Les éleveurs de bovins ne sont pas non plus concernés par les aides de l’État. Six bovins de moins de 6 mois ont toutefois été tués ou blessés en 2025, selon la préfecture. « L’année prochaine, sept loups seront formés aux attaques de bétail. Je ne sais pas comment on va vivre avec », s’inquiète celle qui n’est « pas pour flinguer les loups qui restent au fond de la forêt », mais se dit favorable à « prélever ceux qui s’en prennent aux troupeaux de manière récurrente ».

Dans les Alpes et le Jura, des volontaires de l’association Férus se proposent de veiller ponctuellement sur les animaux. « Cela ne remplace pas un vrai berger, mais cela peut soulager les éleveurs. C’est une aide à inscrire dans un ensemble », insiste Bérengère Yar, animatrice dans la région. Elle a contacté certaines fermes du plateau de Millevaches et n’a essuyé que des refus.
Un dialogue miné par les conflits
« En Limousin, cela a du mal à prendre. Personne n’a envie de se lancer, par crainte d’être considéré comme un traître ou un collabo pro-loup », regrette-t-elle. Même si Férus assure que ce dispositif Pastoraloup a fait ses preuves, les éleveurs semblent sceptiques. « Vous croyez vraiment qu’ils vont trouver beaucoup de bénévoles pour passer des nuits blanches à garder les moutons des paysans ? Soyons sérieux », rejette Daniel Couderc, le président de la chambre d’agriculture de la Corrèze (syndiqué à la FDSEA, le syndicat productiviste), joint par téléphone.

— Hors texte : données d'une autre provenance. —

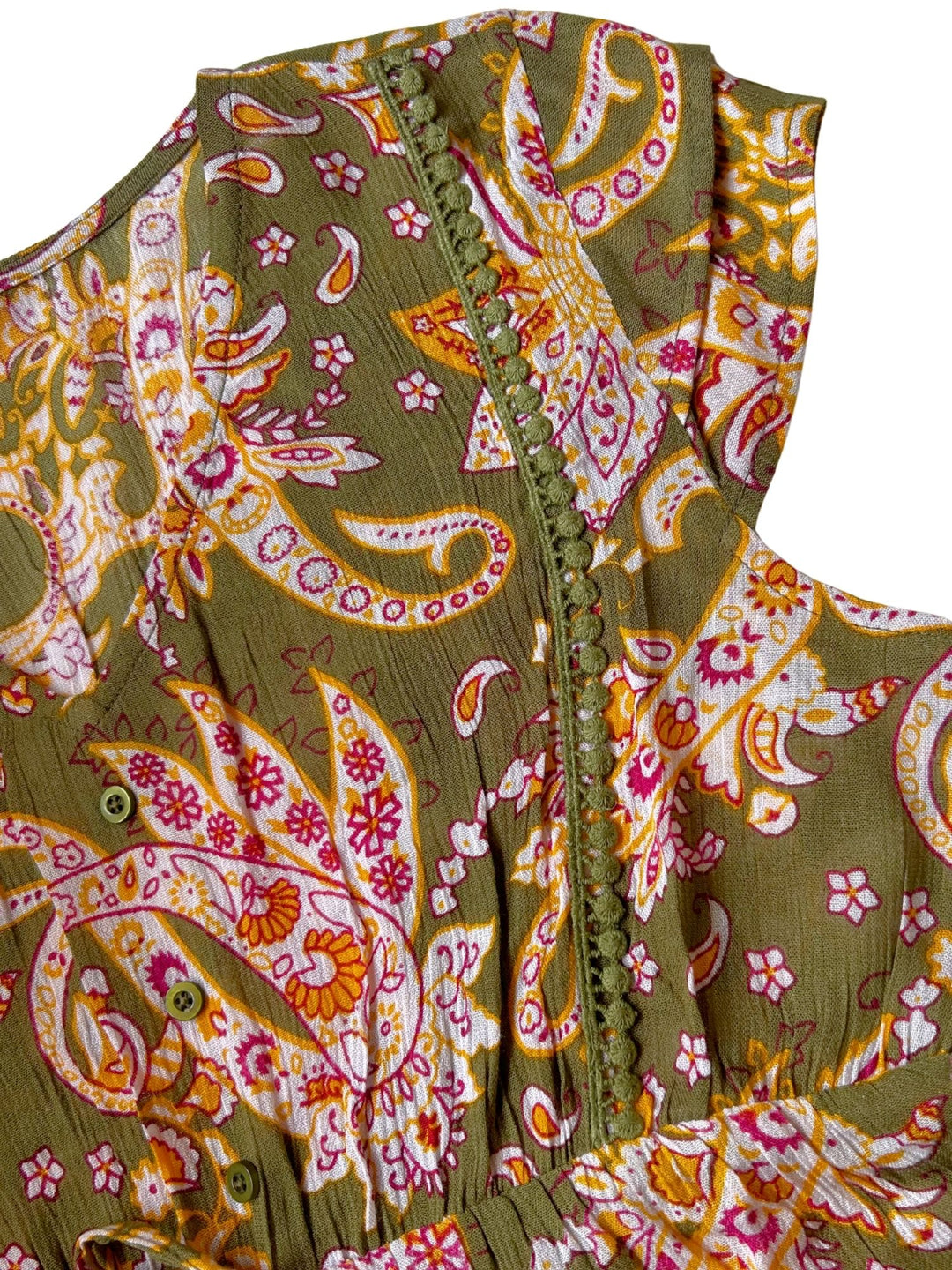 Green Printed Crinkled Blouse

Les syndicats majoritaires, FDSEA, Jeunes agriculteurs (JA) et Coordination rurale (CR), refusent toute alternative à l’abattage des prédateurs. Sous leur pression, la diffusion d’un documentaire de Carduelis sur le loup qu’ils jugeaient « provocateur » a été annulée dans un lycée agricole de Corrèze.

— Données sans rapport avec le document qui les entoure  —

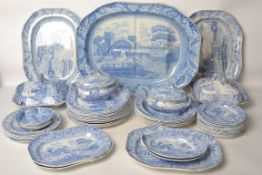 A 19th century Spode blue and white Castle Pattern extensive dinner service consisting of one very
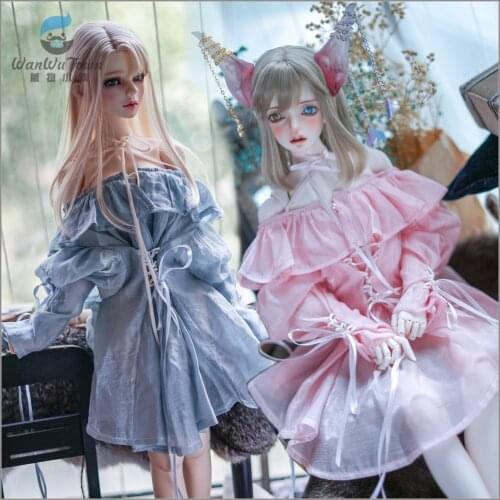 New BJD Doll Clothing Chiffon Lace Dress is suitable for 1/3 1/4 Uncle DD transparent pink/blue loose doll accessories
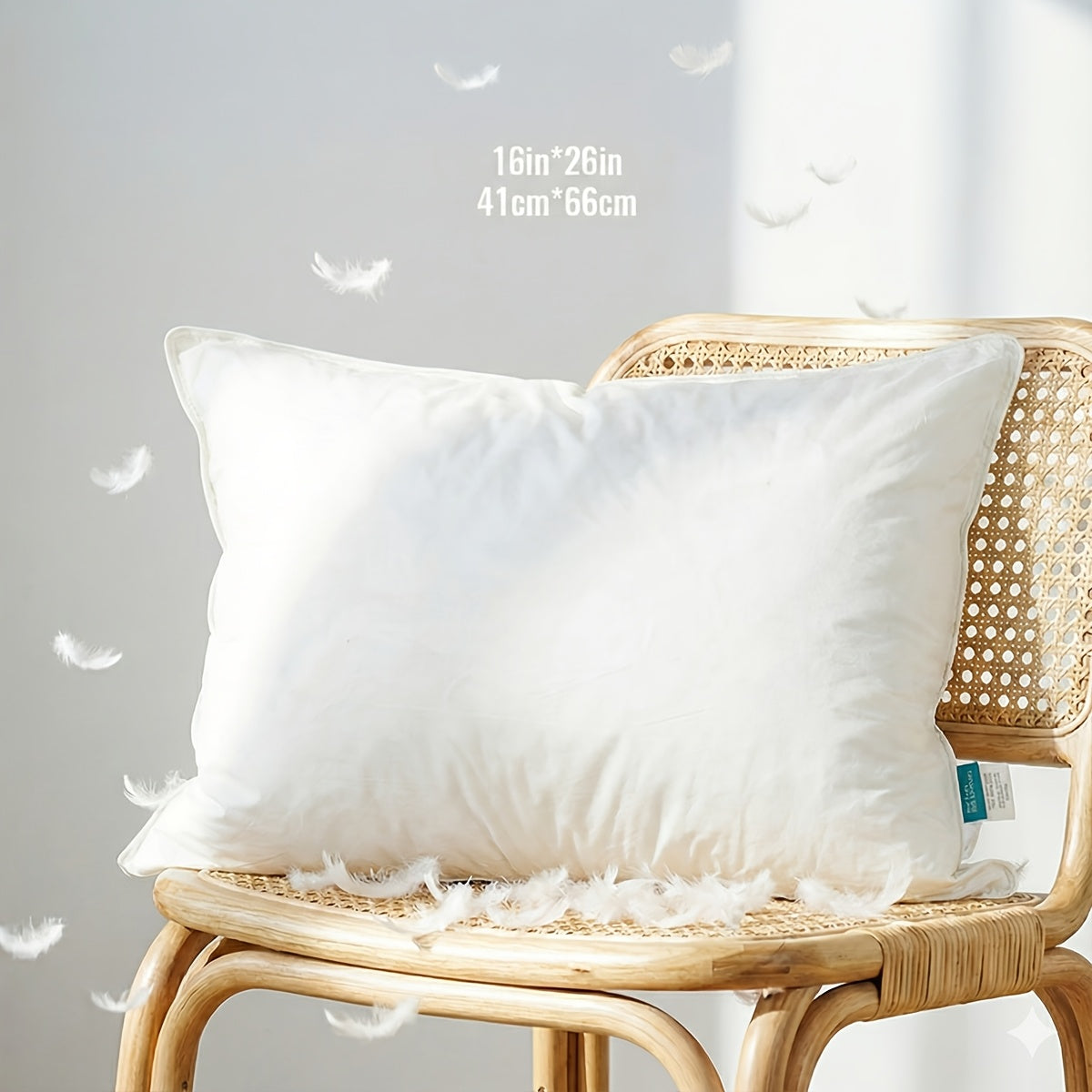 1pc Almofada de penas de ganso de luxo - Ultra-mole, de duas camadas, almofada quadrada decorativa branca com enchimento de alta qualidade para sofá, sofá e cama, estilo contemporâneo, lavável à máquina, almofada de sofá | Luxo decorativo | Almofada de penas fofa, almofada decorativa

« Notre position est claire depuis des années : le loup n’est pas compatible avec l’élevage en plein air. Qu’il soit mis dans un parc animalier, mais certainement pas en liberté au milieu des troupeaux », s’agace Daniel Couderc, dont le syndicat a boycotté la « Cellule loup » organisée sous l’égide du préfet, considérant qu’elle « ne sert qu’à compter les cadavres ». Le 7 août, un rassemblement contre le loup a attiré plus de 500 éleveurs, élus, chasseurs devant la mairie de Millevaches. Les discussions entre « pro » et « anti » n’ont pas évolué depuis.

« Le manque de dialogue crée des préjugés et des oppositions. C’est classique dans un territoire où le loup s’installe, constate Jessica Hureaux, chargée de mission grands prédateurs pour le parc naturel régional depuis 2021. Mieux on connaîtra les loups en présence, mieux on accompagnera les éleveurs. Mais tout le monde se méfie de tout le monde, donc on a du mal à capter les informations. Aujourd’hui, les conflits sont au cœur de la problématique et ralentissent le travail. »
Le retour de l’espèce était prévisible, la région coche de nombreux critères pour qu’elle s’y installe : présence de proies, population peu dense, nombreuses zones-refuges boisées…
Carmen Munoz Pastor et Vincent Primault imaginaient la création d’un « pôle technique » qui regrouperait des spécialistes du loup, des agents de l’OFB, du PNR et des éleveurs, pour étudier le comportement des individus en présence, suivre leurs déplacements et ainsi déployer des dispositifs de protection mieux adaptés sur le terrain, mais les naturalistes attendent toujours un tête-à-tête avec le préfet de Corrèze qu’ils ont sollicité.
Dans certaines régions européennes, comme les Abruzzes en Italie, le grand prédateur est intégré dans le quotidien des bergers depuis des années et est devenu un argument touristique. « C’est une question de volonté politique. Dans notre pays, elle ne va pas dans le sens de la préservation de la biodiversité », jugent-ils.
Sur l’écran de leur ordinateur, de très récents clichés des louveteaux photographiés dans la forêt limousine défilent. On les voit marcher dans les pas de leur mère, les uns à la suite des autres. « Il ne se passe plus une journée sans que l’on nous demande de leurs nouvelles. Nous, on estime que c’est une chance de les avoir sur notre territoire. On vit un moment historique, alors donnons les moyens aux éleveurs de se protéger et préservons ces animaux fabuleux », plaident les deux passionnés.
Bientôt, les jeunes s’aventureront loin de la tanière pour suivre les adultes. « La saison de la chasse débute dans deux semaines, cela ouvre le champ des possibles, se soucient Carmen Munoz Pastor Pastor et Vincent Primault. Pour l’instant, la meute a réussi à passer entre les mailles de tous les filets. Mais là, ça devient vraiment flippant. »
L’activité d’élevage sur le plateau de Millevaches est essentiellement ovin et bovin. Les prairies occupent plus d’un tiers de la superficie du territoire. Au loin, les monts du Cantal.